Dados recentes da Pesquisa Nacional de Violência contra a Mulher revelam a gravidade do cenário no País. Somente em 2025, cerca de 3,7 milhões de brasileiras sofreram violência doméstica ou familiar. Em mais de 70% dos casos, as agressões foram testemunhadas por terceiros, muitas vezes pelos próprios filhos das vítimas. Quase 60% das mulheres relataram episódios recorrentes em um intervalo inferior a seis meses.
Nesse contexto, especialistas apontam que a dependência financeira ainda é um dos principais fatores que mantêm mulheres em relacionamentos abusivos. “Quando o agressor controla a renda ou impede que a mulher trabalhe, ele reforça o domínio e dificulta a denúncia”, explica Isadora Costa.
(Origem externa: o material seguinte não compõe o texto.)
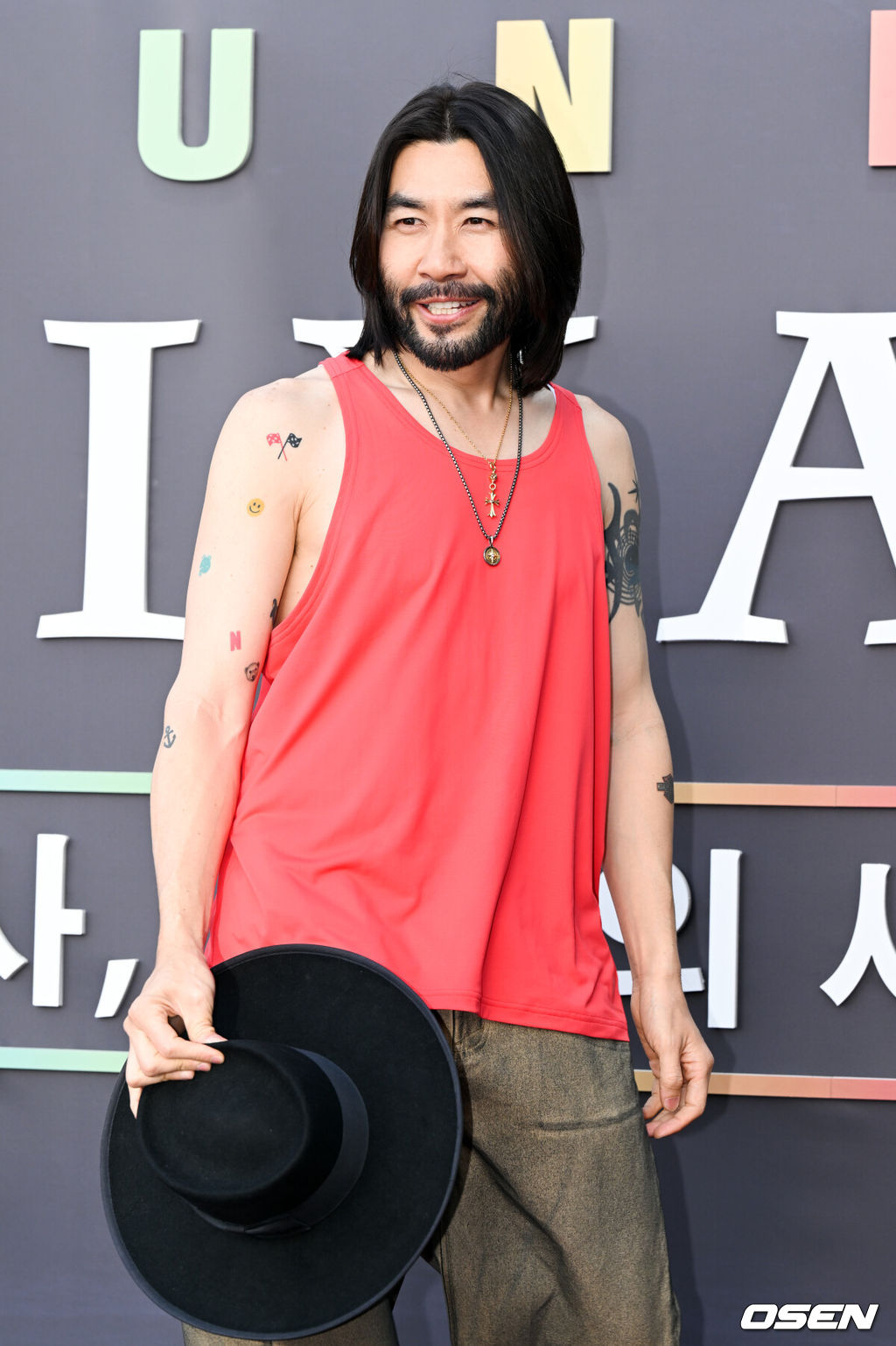 전시 '문도 픽사: 픽사, 상상의 세계로' 레드카펫 행사가 7일 서울 성동구 성수문화예술마당에서 열렸다.이번 전시의 이름 ‘문도’는 스페인어로 세계를 뜻한다. 즉 픽사의 세계인 셈이다. 다음달 29일까지 열린다.방송인 노홍철이 포즈를 취하고 있다. 2025.05.07 /cej@osen.co.kr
Ao garantir renda durante o afastamento do trabalho, o STF amplia a rede de proteção às mulheres e consolida o entendimento de que combater a violência doméstica exige ações integradas nas esferas criminal, social e econômica. A decisão representa um marco na busca por dignidade, autonomia e justiça para milhares de mulheres brasileiras.
A decisão do STF também representa um avanço institucional ao reconhecer que o enfrentamento à violência doméstica exige respostas integradas do Estado.
Especialistas avaliam que a medida tende a aumentar a efetividade das medidas protetivas, uma vez que reduz o medo da perda de sustento, fator que historicamente impede muitas vítimas de denunciar seus agressores.
Além disso, a definição clara das responsabilidades entre empregadores, INSS e Poder Judiciário traz maior segurança jurídica e uniformidade na aplicação da Lei Maria da Penha em todo o Brasil.
Com a fixação de tese de repercussão geral, tribunais estaduais e federais deverão seguir o entendimento do STF, evitando decisões divergentes e garantindo tratamento igualitário às vítimas.